Chan Ho Park officially joined the Phillies today.
So did Marcus Giles.
Looking for infield depth as Chase Utley and Pedro Feliz recover from offseason surgeries, the Phillies signed Giles to a $600,000 minor-league contract. Giles will get a look in spring training. The former Braves second baseman did not play last season after being released by Colorado in spring training. Park, who agreed on a major-league deal worth $2.5 million last month, was in Philadelphia today. He passed a physical exam, then made it clear that he's ready to compete for the No. 5 spot in the team's starting pitching rotation.
"My goal is to be a starter," Park said. "Hopefully I can make it."
Park is so intent on being a starter that he may not pitch for his native Korea in the World Baseball Classic in March. As much as he'd like to, he wonders if it might be better to concentrate on making a good showing for his new team.

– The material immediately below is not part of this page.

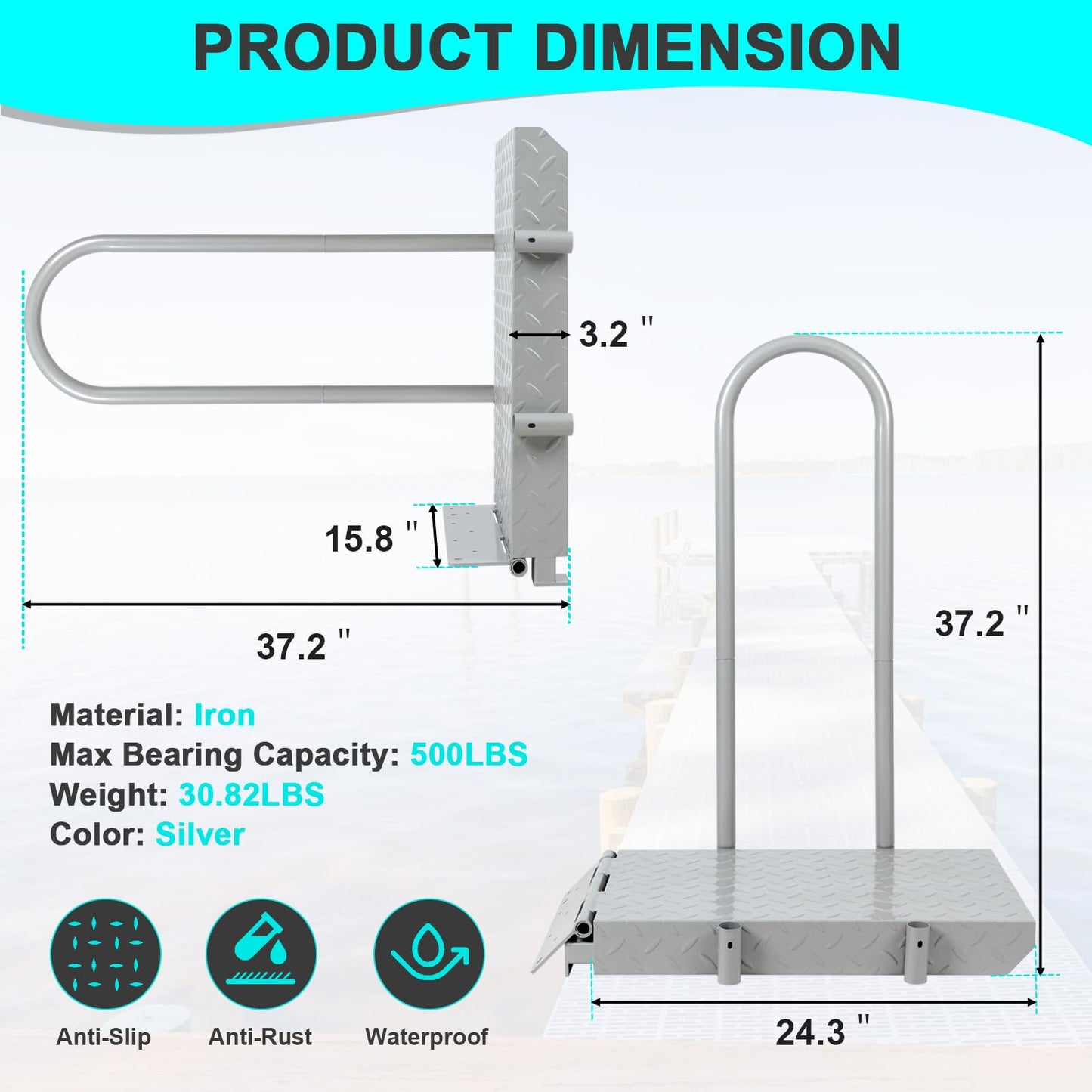 HomiShare Boat Boarding Platform with Handrail, Dock Extension Step with Safety Grab Bar, Folding Dock Boarding Platform for Marina, Dock, Deck, Boat, Silver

"It's more fun to be a starter," Park said. "Every five days, people in Korea plan on watching the game. That's a big part of the game at this point of my career."
Park, 117-92 in a career that began as a 21-year-old in 1994, joins a crowded cast of candidates for the fifth starter's job. J.A. Happ and Kyle Kendrick are the lead candidates, but Adam Eaton, Carlos Carrasco and Drew Carpenter will all get looks. It's possible that Park could end up in the bullpen.
"Let's think about that later," he said with a laugh.
Here is more of what Park had to say:
On joining the Phillies: “It was enjoyable watching the Phillies win the World Series and it’s an honor to be with this team. One of the things I like about this team is it is championship caliber. I’d like to help the team get in the World Series again.”
On being in the Dodgers bullpen in 2008: “It was OK. Starting is better and more fun. Every five days people in Korea plan on watching the game. That’s a big part of the game at this point in my career.”
On the possibility of him retiring before last season: “I talked to my family [about it]. The whole country doesn’t want me to quit. It was a big challenge coming back and I wanted to sign with the Dodgers because I had a lot of memories there. They were the team I started with. I made [the team], then pitched well. It was special year.”
On his velocity: “I made adjustments in spring training. My fastball topped out at 97 and I couldn’t believe it. I usually sit 94-95 [mph].”
On his free agency: “Five teams tried to sign me, but the Phillies were the only team that said I had a chance to start. The Dodgers made no effort to re-sign me.”
On Philadelphia: “The new stadium is nice and downtown is nice. It’s one of my favorite [cities].”